William married four times. In 1583 he married Louise de Coligny (1555 –1620). She was the daughter of Gaspard II de Coligny who was murdered at the St. Bartholomew’s Day massacre in France, together with her first husband Charles de Téligny (1571). Like her father, she was a French Huguenot and remained an advocate for Protestantism until her death in 1620. Their union would be short lived, however. Declared an outlaw by the Spanish king in 1580, William was assassinated by Balthasar Gérard in Delft in 1584.

These early ties between Huguenots and the Dutch Republic’s military and political leadership – the House of Orange-Nassau – since the start of the Dutch Revolt explains the many early settlements of Huguenots in the Dutch Republic’s colonies around Cape of Good Hope in South-Africa and the New Netherlands colony in America.

Stadtholder William III of Orange (1650-1702), a great-grandson of William the Silent – and who in 1689 became King of England, Scotland and Ireland when he married to Mary II, Queen of Scotland – emerged as the strongest opponent of Louis XIV, after Louis’ attack on the Dutch Republic in 1672. He formed the League of Augsburg as main opposition coalition. Consequently many Huguenots saw the wealthy and calvinist Dutch Republic, leading the opposition against Louis XIV, as the most attractive country for exile after the revocation of the Edict of Nantes. They also established many more French speaking calvinist churches there.

Following the Declaration of Independence the republic continued to flourish. Also called the Republic of the United Netherlands, it acquired great political and economic power in the 17th century. The country became  known for the flourishing arts and sciences as well as for that time relatively great spiritual freedom. It played a major role on the world stage for some time and ended with the French invasion of 1792-1795 and the subsequent creation of the Batavian Republic (1795–1806).

Dutch Republic in 1583

Remarkable for a small republic of around 1.5 million inhabitants were the great military successes as compared to much stronger countries such as Spain and England and especially the success of its world trade. Facilitated by its huge fleet of as many as 2000 ships – larger than that of England and France combined – it traded with neighbouring countries around the Baltic Sea as a member of the Hansiatic League as well as at the other side of the world through the West India Company (WIC), and especially through the Dutch East India Company or VOC.

Established in 1602, with its pioneering institutional innovations and powerful roles in global business history, the VOC is often considered by many to be the forerunner of modern corporations. It was their 17th century institutional innovations and business practices that laid the foundations for the rise of giant global corporations in subsequent centuries.
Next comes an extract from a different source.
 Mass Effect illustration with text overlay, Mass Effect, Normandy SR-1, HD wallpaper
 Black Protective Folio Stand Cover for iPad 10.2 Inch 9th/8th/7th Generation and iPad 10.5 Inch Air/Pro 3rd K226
The Amsterdam Stock Exchange was established in 1602 by the VOC for dealings in its printed stocks and bonds. It was subsequently renamed the Amsterdam Bourse and was the first to formally begin trading in securities.

The Courtyard at the Amsterdam Stock Exchange

Amsterdam and the area of West-Frisia were the first areas providing full citizens rights to Huguenots in 1705, followed by the entire Dutch Republic in 1715. Huguenots married with Dutch from the outset. Many Huguenot descendents in the Netherlands today are recognisable by their French family surnames. Due to their early ties with the Dutch Revolt’s leadership and even participation in the revolt, parts of the Dutch patriciate are of Huguenot descent. After 1815, when the Netherlands became a monarchy under the House of Orange-Nassau, some Huguenot patriciate families have been provided with an aristocratic predicate, such as Jhr. (Jonkheer).